▶ [Your objective] A verbatim copy is needed of the lines below from the one containing "Bonplus BP 8437025853090" up to and including the one containing "デシグアル Desigual カラフルフェイクファー", excluding pictures.
*** Opening of The input ***
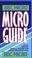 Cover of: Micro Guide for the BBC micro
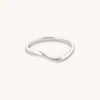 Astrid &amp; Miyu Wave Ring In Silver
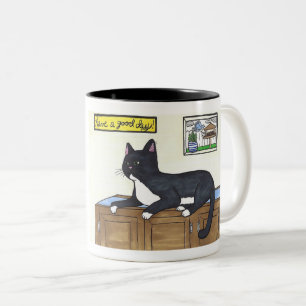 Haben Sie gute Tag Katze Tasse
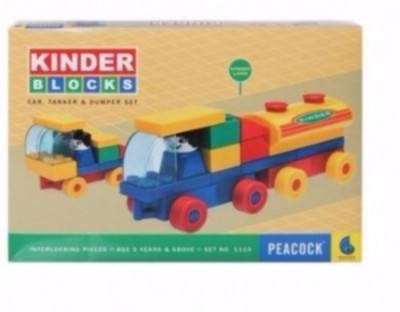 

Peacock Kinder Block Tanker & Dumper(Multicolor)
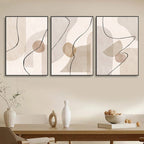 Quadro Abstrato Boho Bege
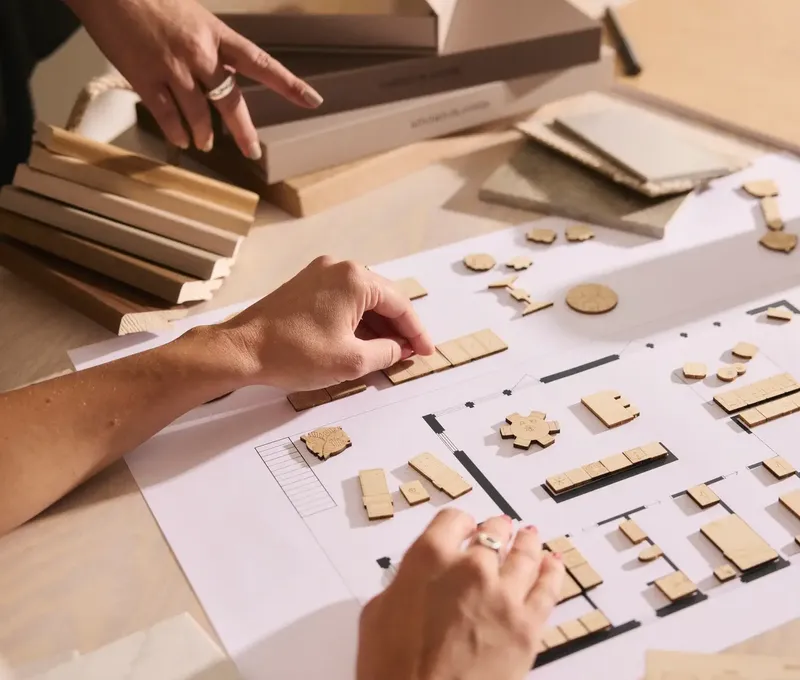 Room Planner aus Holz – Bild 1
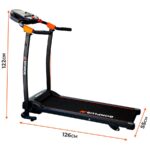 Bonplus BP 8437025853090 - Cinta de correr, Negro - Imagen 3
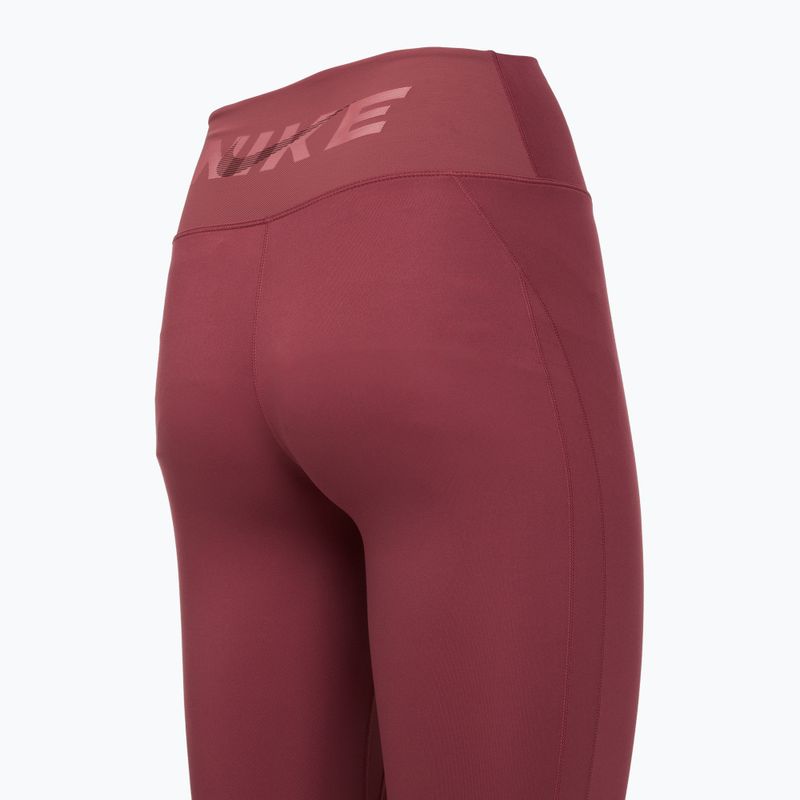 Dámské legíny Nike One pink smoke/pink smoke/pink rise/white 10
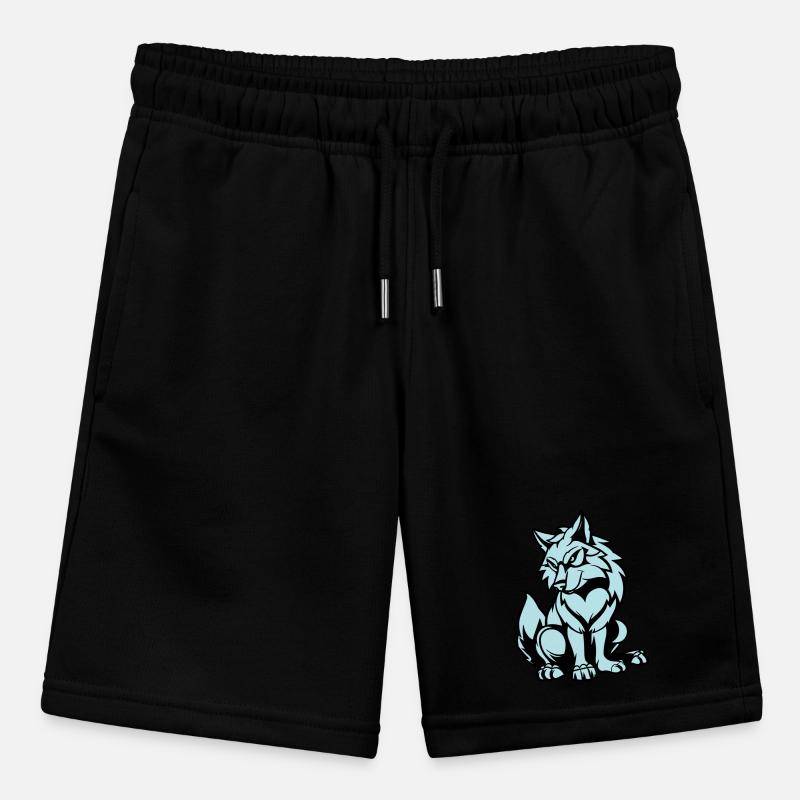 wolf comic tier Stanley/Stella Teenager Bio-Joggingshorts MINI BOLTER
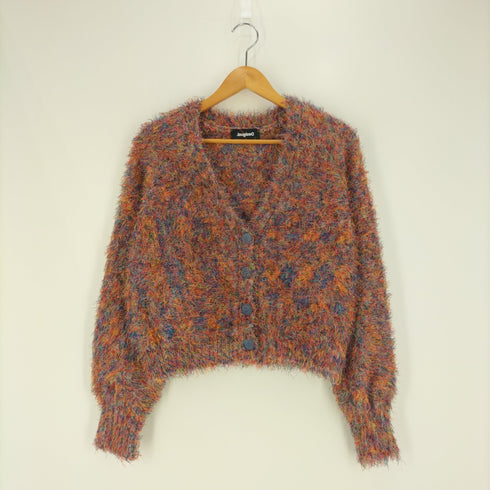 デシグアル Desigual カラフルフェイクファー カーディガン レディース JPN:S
*** Close of The input ***
*** Opening of The input ***
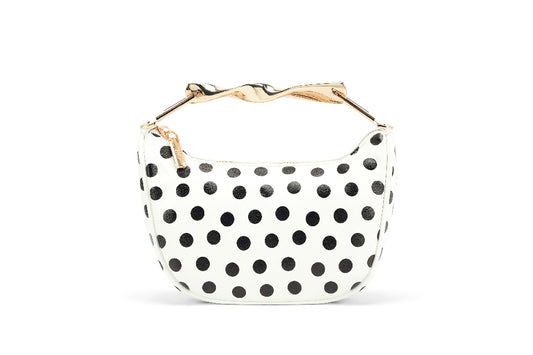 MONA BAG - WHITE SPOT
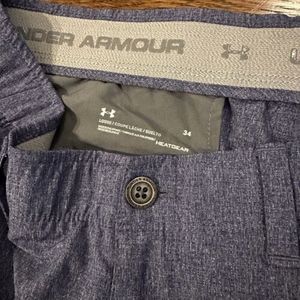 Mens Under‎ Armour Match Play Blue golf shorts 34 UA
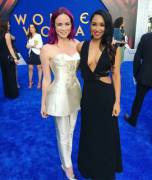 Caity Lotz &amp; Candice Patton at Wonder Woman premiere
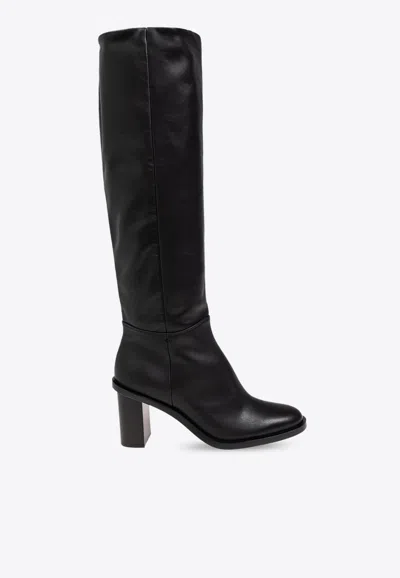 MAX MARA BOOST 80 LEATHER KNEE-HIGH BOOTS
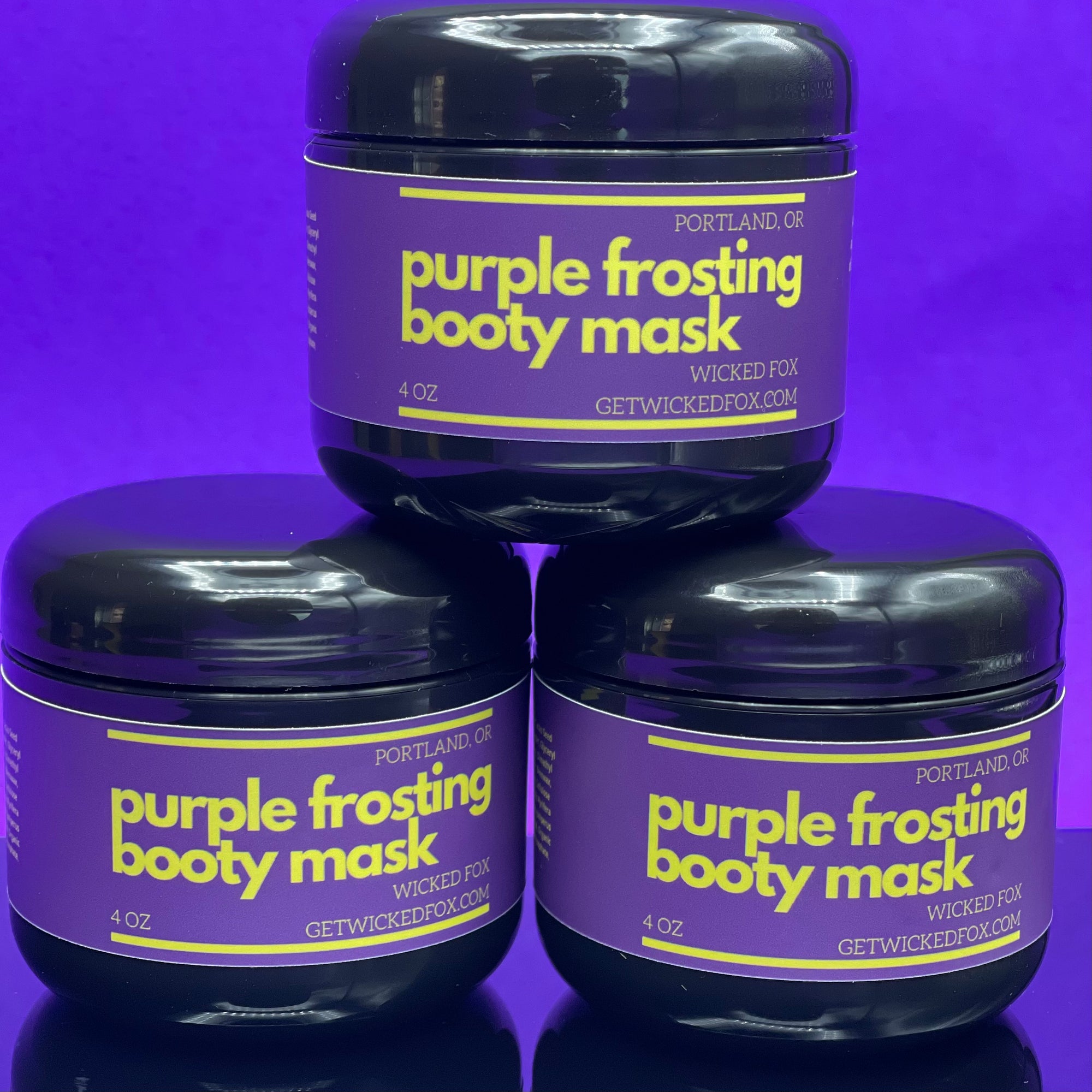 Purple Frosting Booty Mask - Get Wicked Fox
*** Close of The input ***
▶ [Output for this task]
 Bonplus BP 8437025853090 - Cinta de correr, Negro - Imagen 3
 Dámské legíny Nike One pink smoke/pink smoke/pink rise/white 10
 wolf comic tier Stanley/Stella Teenager Bio-Joggingshorts MINI BOLTER
 デシグアル Desigual カラフルフェイクファー カーディガン レディース JPN:S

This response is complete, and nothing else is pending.